Les inspecteurs de l’Office français de la biodiversité (OFB) roulent sur la route du Fragé, ce 4 février 2023 à Puget-Théniers, quand ils repèrent un abandon de déchets dans un bois jouxtant le Var. Un panneau «décharge interdite» a été apposé devant le petit passage entrouvert dans une barrière de sécurité. Juste la place pour manœuvrer avec la balayeuse. «On faisait un tas. Ce n’est pas une décharge, se défend Ludovic Michelozzi, son conducteur principal. Ce n’est pas vraiment des encombrants. Ce n’est pas des matières toxiques.» Les gros morceaux étaient enlevés par des agents à pied directement dans la rue, la balayeuse n’aspirant qu’à quelques centimètres du sol.

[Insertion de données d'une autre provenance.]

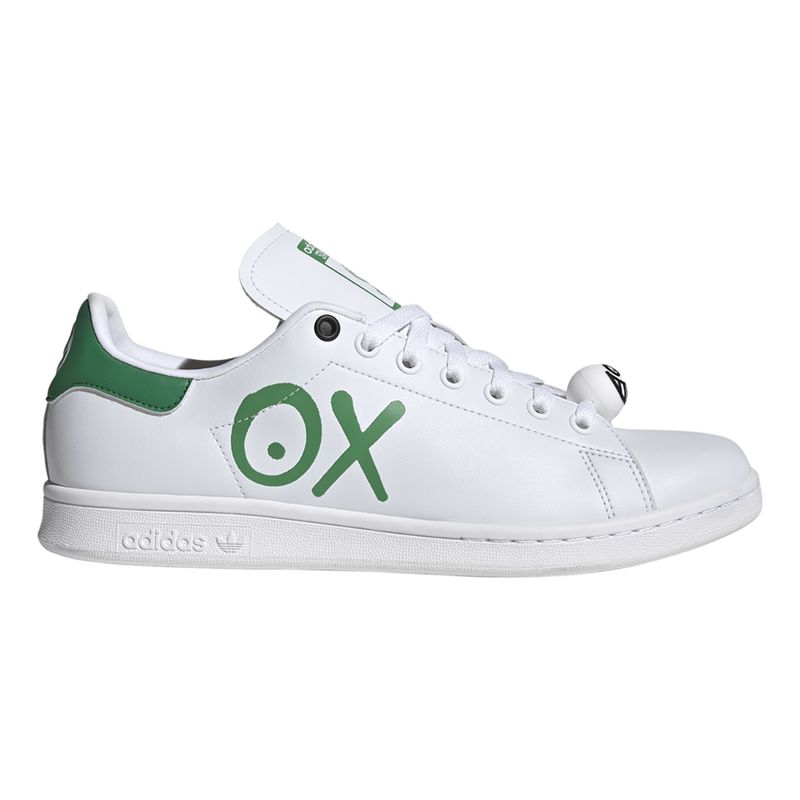 Zapatillas-adidas-Originals-Stan-Smith-.-LATERAL-DERECHO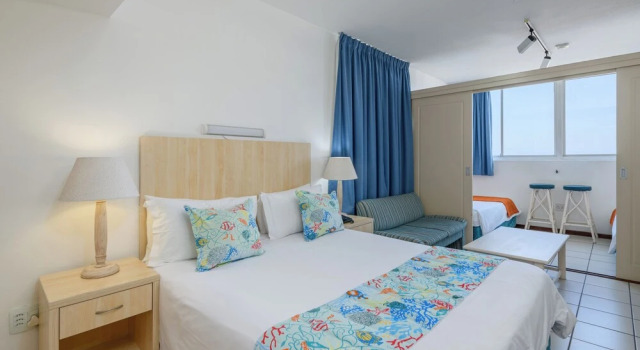 Номер Standard Durban Spa
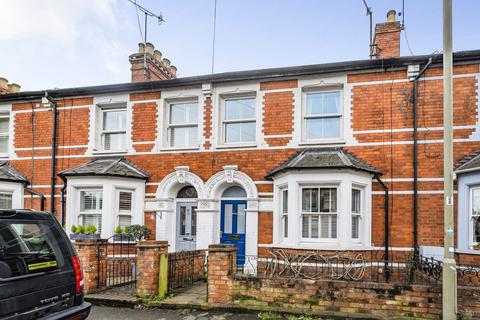 108 Reading Road, Henley-on-thames, RG9 1DN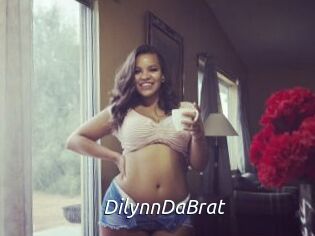 DilynnDaBrat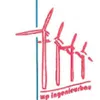 wp ingenieurbau GmbH Logo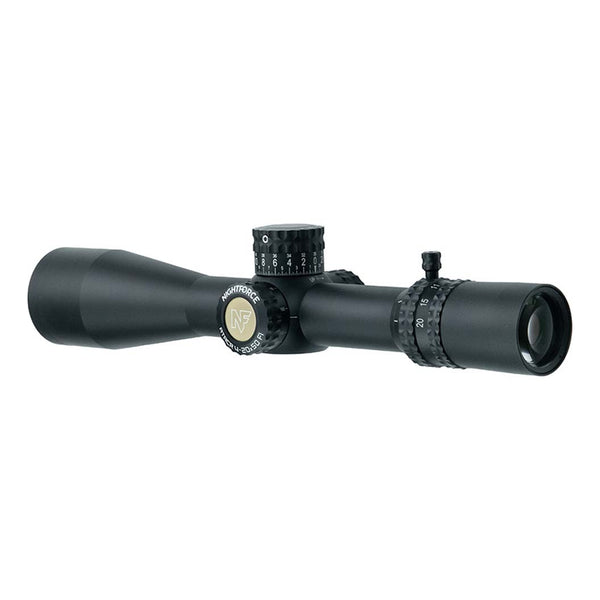 Nightforce ATACR 4-20x50 F1 Rifle Scope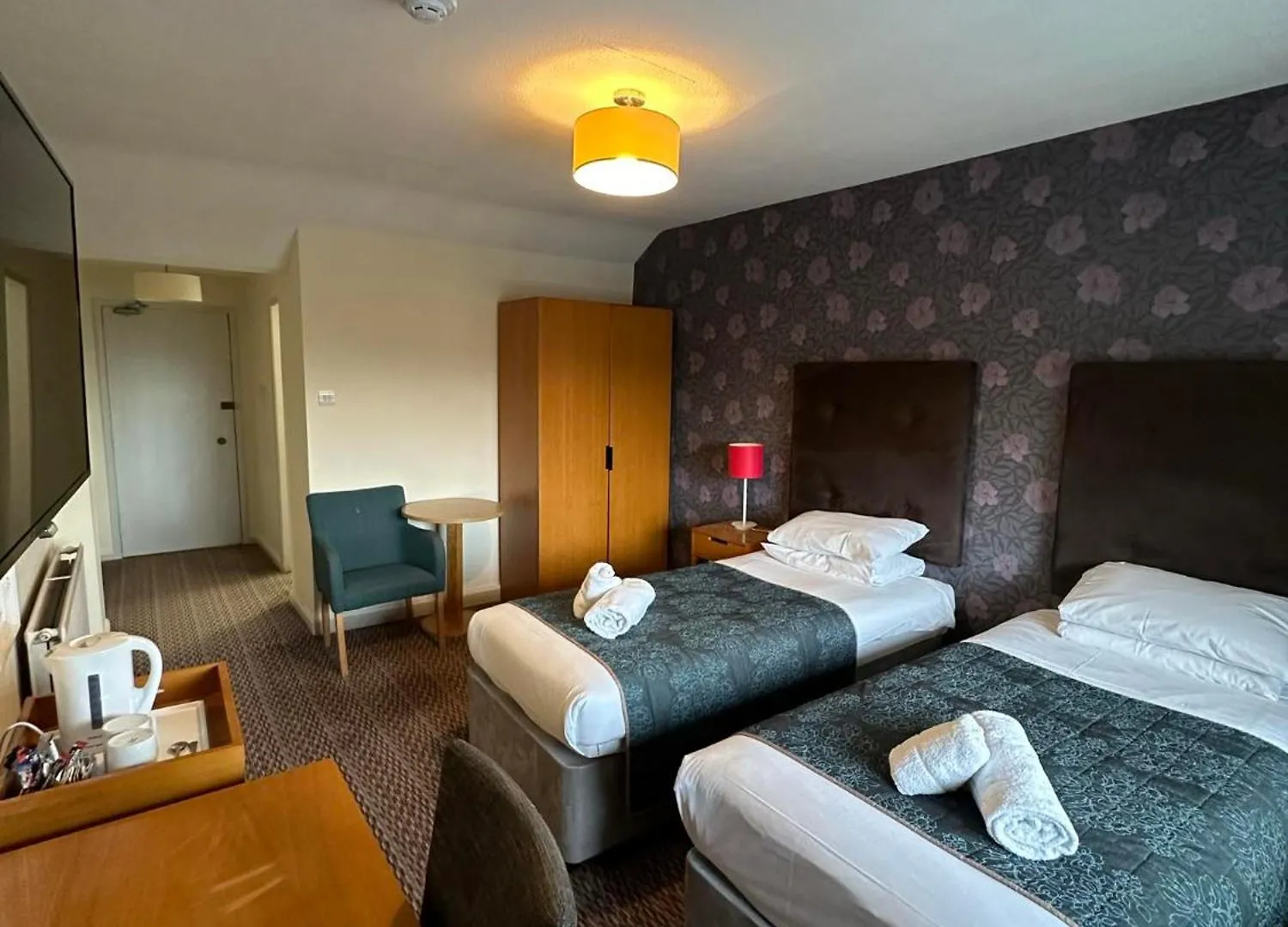 Hotel Windermere Hotel Windermere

«Ce qui a atterri sur le bord du Var, c’était des déchets inertes et des cendres propres [issues de la chaudière municipale], argumente l’ancien maire, Robert Velay. Du gravier, c’est relativement propre. Les feuilles, c’est relativement propre.» France Nature Environnement (FNE), qui s’est constituée partie civile et estime à 312 tonnes le poids des déchets déversés, ne l’entend pas de cette oreille. «Ce n’est pas comme quand un arbre perd ses feuilles, remet en perspective l’avocate de l’association Me Vanessa Godier, auprès de Libération. 100 kilos de feuilles, ça peut boucher l’habitat, ça amoindrit l’oxygène. Il est impossible de savoir jusqu’où sont dragués ces déchets. Au bout, il y a l’embouchure du Var en zone Natura 2000 et la mer Méditerranée.»

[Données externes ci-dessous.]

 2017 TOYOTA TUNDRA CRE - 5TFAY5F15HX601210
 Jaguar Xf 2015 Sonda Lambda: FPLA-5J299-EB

Puget est un village propre, mais il ne dispose d’aucun protocole de gestion des détritus collectés par les engins municipaux. «Il y a eu une discorde avec Veolia qui s’occupait du traitement des déchets. L’entreprise a rompu ce contrat, recontextualise le président du tribunal Edouard Levrault. La mairie s’est retrouvée en situation de devoir trouver une solution.» Gérard Micol se présente à la barre en doudoune bleu sur chemise à carreaux. Responsable des services techniques, c’est lui qui a fait le trou dans la glissière. Mais la pratique préexistait selon lui : le lieu était «une ancienne décharge», explique cet homme de 75 ans, qui a toujours servi sa commune, du club de foot au conseil municipal. Il conteste le déversement des déchets directement dans le Var. Le dépôt a eu lieu sur «une plateforme» trois mètres en hauteur. Les cendres naturelles auraient «fertilisé» le talus. Tous les deux à trois mois, les déchets étaient enlevés grâce à un petit engin de chantier : «On a eu les félicitations parce que c’était un bon coin pour se promener.»

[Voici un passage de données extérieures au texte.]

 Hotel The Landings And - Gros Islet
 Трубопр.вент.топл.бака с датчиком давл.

Sur le bord ou sur la berge, il peut y avoir des «infiltrations», un «cumul» avec un «effet cascade», renvoie Me Vanessa Godier. Sans compter les violentes pluies qui peuvent toucher le secteur. «Il est possible que le Var atteigne la berge et emporte un peu de graviers ou des feuilles», reconnaît l’agent Ludovic Michelozzi. Qui était au courant ? Les trois conducteurs de la balayeuse, le directeur des services Gérard Micol, l’ancien maire Robert Velay. Le maire actuel Pierre Corporandy assure qu’il n’en a jamais entendu parler. Pour lui, ce serait une «incohérence totale» au vu de son initiative pour l’installation de pièges à mégots pour filtrer les grilles pluviales et de sa participation à l’opération de la grande collecte de déchets «Nettoyons le Sud». Aujourd’hui, la balayeuse tourne toujours à Puget-Théniers. Les déchets sont stockés «directement» sous un «abri» avant d’être «retraités». Loin des berges du fleuve Var.
Le procureur propose de mettre dans les débats une éventuelle requalification des faits. Si la balayeuse a déversé sur les berges et non dans le fleuve, l’infraction change, pour devenir «abandon ou dépôt illégal de déchets par leur producteur ou détenteur». Une requalification des faits qui double la peine encourue pour les six agents et élus : quatre ans de prison et 150 000 euros d’amende. Suspension et renvoi. La défense doit se préparer. Tout le monde reviendra à la barre le 7 juillet.